PROMPT: The following data needs to be repeated exactly, with all images excluded.

EXERCISE DATA:
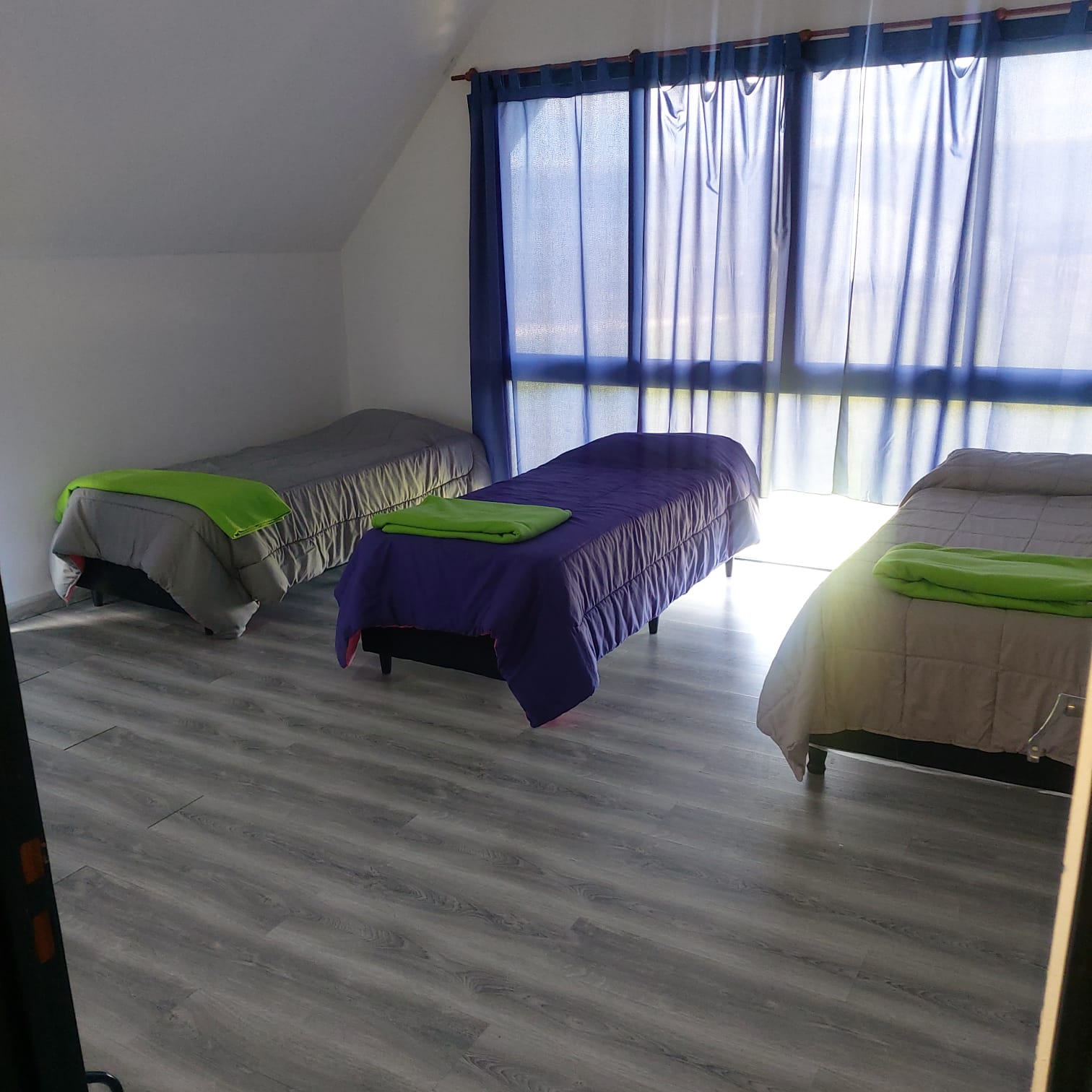 Dormitorio con tres camas individuales y cortinas azules
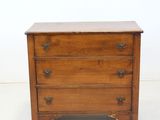 an old wooden chest of drawers with three drawers on each side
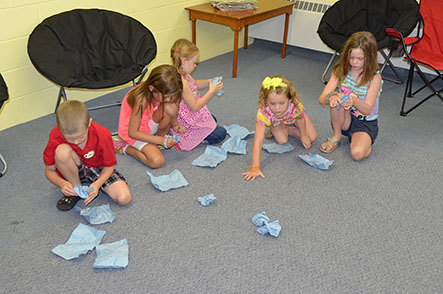 Child Crumpling up Paper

EXERCISE ANSWER:
 Dormitorio con tres camas individuales y cortinas azules
 an old wooden chest of drawers with three drawers on each side
 Child Crumpling up Paper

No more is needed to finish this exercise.